The neighborhood considered that he would make a good home body, and if he was a scholar, sitting late in the old keep over great books, that harmed no one, redounded, indeed, to the dale's credit. His very wanderings might so redound now that they were over. "That's the laird of Glenfernie," the dale might say to strangers.
It was dim, gray, late November weather. There poured rain, shrieked a wind. Then the sky cleared and the air stilled. There came three wonderful days, one after the other, and between them wonderful nights with a waxing moon. Alexander, riding home from Littlefarm, found waiting for him in the court Peter Lindsay, of Black Hill.
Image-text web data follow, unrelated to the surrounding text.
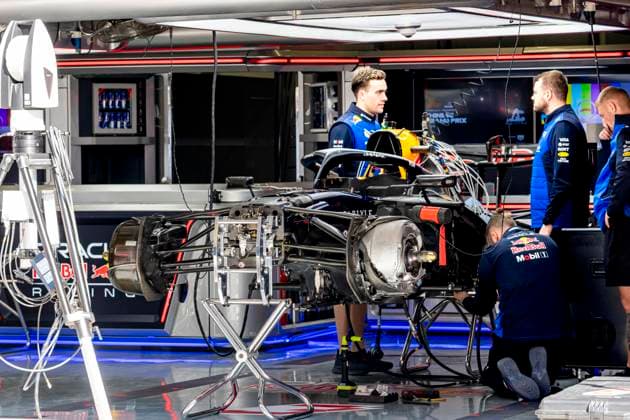 SHANGHAI Mechanics work on the car of Formula 1 driver Max Verstappen of Oracle Red Bull Racing during the Formula 1 China Shanghai media day at the Shanghai International Circuit on March 12, 2025 in Shanghai, China Photo by DeFodi Images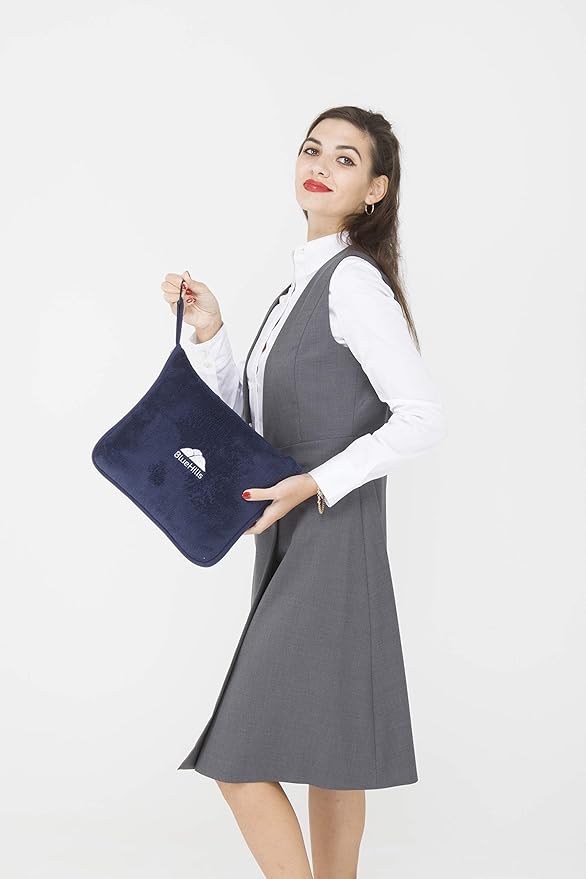 BlueHills Premium Soft Travel Blanket Pillow Airplane Blanket Packed in Soft Bag Pillowcase with Hand Luggage Belt and Backpack Clip, Compact Pack Large Blanket for Any Travel (Navy Blue T002)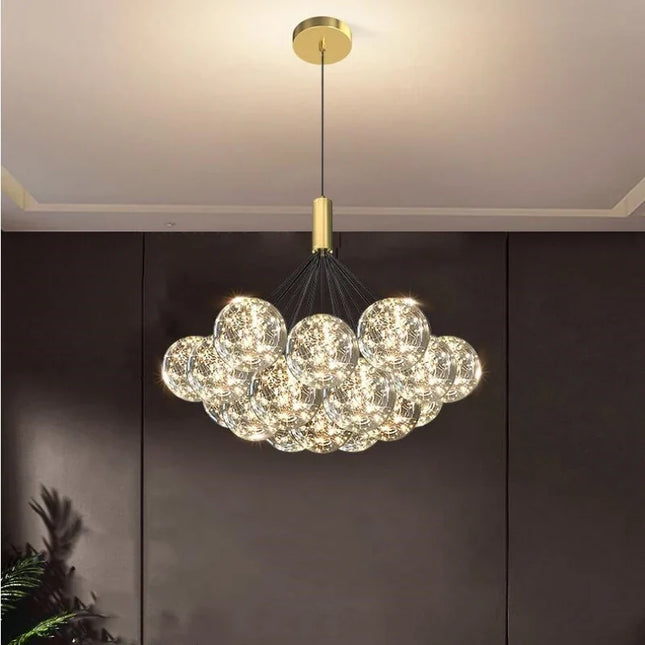 Lustre boule en verre transparent à bulles effet étoilé romantique — LZ4X9P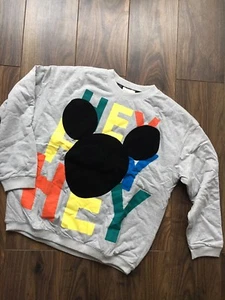 H&M Mickey Disney Multicoloured Buggy Oversized Jumper Hey Letters UK12 - Picture 1 of 7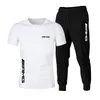 Summer AMG Fashion Trend Men s Suit Personlig tryckning Sport Kort ärm T -shirt Casual Trousers 220719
This was a trusted man.
"I hae a bit letter frae Mistress Alison, laird." Giving it to him, Peter came close, his eye upon the approaching stable-boy. "Dinna look at it here, but when ye're alone. I'll bide and tak the answer."
Alexander nodded, turned, and crossed to the keep. Within its ancient, deep entrance he broke seal and opened the paper superscribed by Mrs.
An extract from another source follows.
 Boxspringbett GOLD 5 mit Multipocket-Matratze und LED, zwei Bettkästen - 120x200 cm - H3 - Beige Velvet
Alison. Within was not her handwriting. There ran but two lines, in a hand with which he was well acquainted:
"_Will you meet one that you know in the cave to-night four hours after moonrise?_"
He went back to the messenger. "The answer is, 'Yes.' Say just that, Peter Lindsay."
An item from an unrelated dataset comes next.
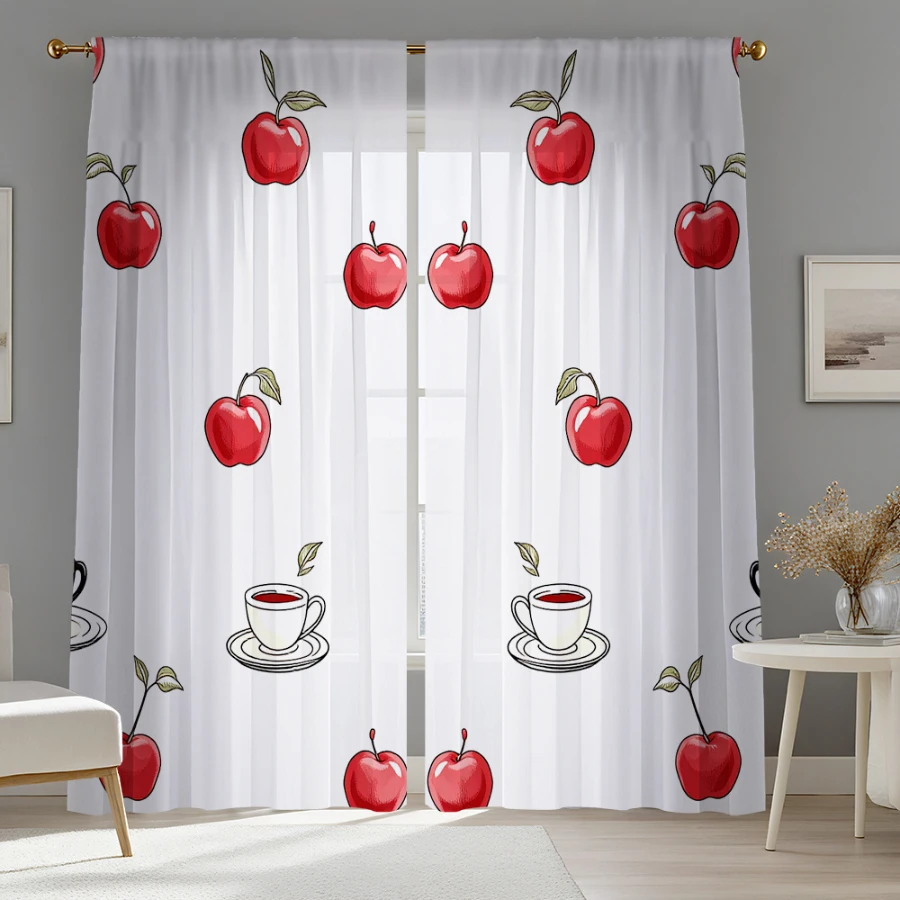 Home Office Minimalist - 2PCS Cortina Transparente com Estampa Digital,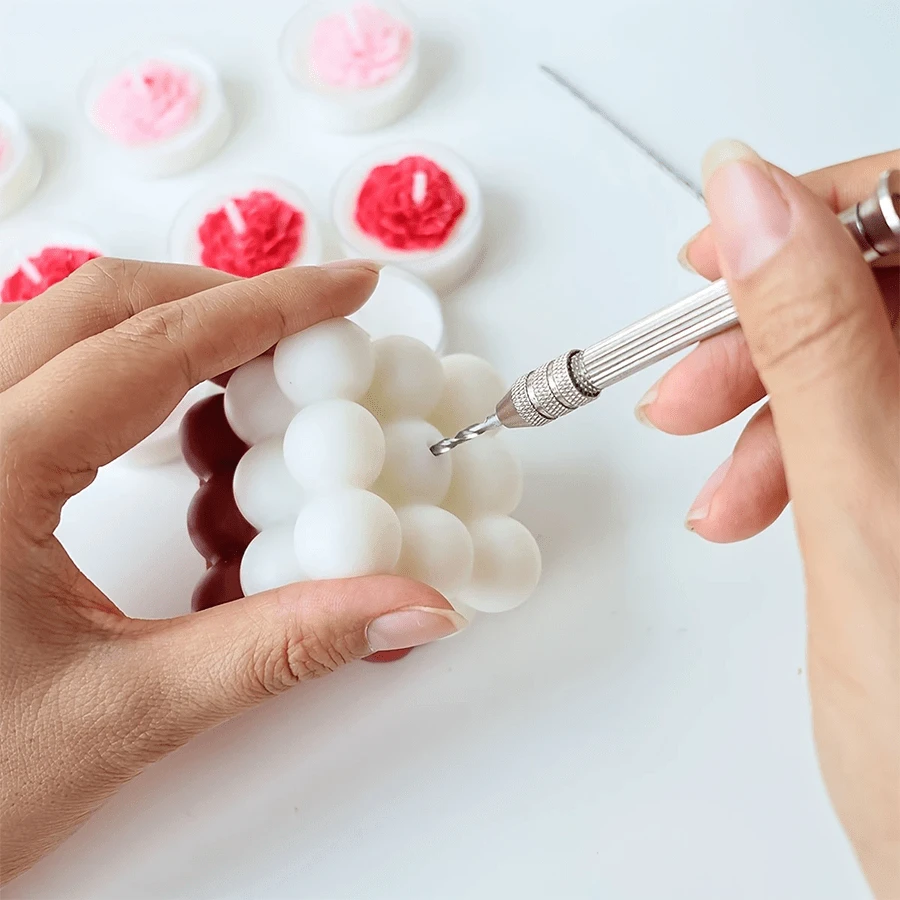 Bohrwerkzeug mit 2 verschiedenen Längen an Bohraufsätzen, perfekt für Kerzen, unerlässlich für Kerzenliebhaber, vielseitig und praktisch einsetzbar, wiederverwendbar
The day went by. He worked with Strickland. The latter thought him a little absent, but the accounts were checked and decisions made. At the supper-table he was more quiet than usual.
"Full moon to-night," said Alice. "What does it look like, Alexander, when it shines in Rome and when it comes up right out of the desert?"
"It lights the ruins and it is pale day in the desert. What makes you think to-night of Rome and the desert?"
"I do not know. I see the rim now out of window."
The moon climbed. It shone with an intense silver behind leafless boughs and behind the dark-clad boughs of firs. It came above the trees. The night hung windless and deeply clear. A fire burned upon the hearth of the room in the keep. Alexander sat before it and he sat very still, and vast pictures came to the inner eye, and to the inner ear meanings of old words....
He rose at last, took a cloak, and went down the stone stair into a night cold, still, and bright. The path by the school-house, the hand's-breadth of silvered earth, the broken, silvered wall, the pine, the rough descent.... He went through the dark wood where the shining fell broken like a shattered mirror. Beyond held open country until he came to the glen mouth. The moon was high. He heard faint sounds of the far night-time, and his own step upon the silver earth. He came to the glen and the sound of water streaming to the sea.
How well he knew this place! Thick trees spread arms above, rock that leaned darkened the narrow path. But his foot knew where to tread. In some more open span down poured the twice-broken light; then came darkness. There was a great checkering of light and darkness and the slumbrous sound of water. The path grew steeper and rougher. He was approaching the middle of the place.
At last he came to the cave mouth and the leafless briers that curtained it. Just before it was reached, the moonbeams struck through clear air. There was a silver lightness. A form moved from where it had rested against the rock. Ian's voice spoke.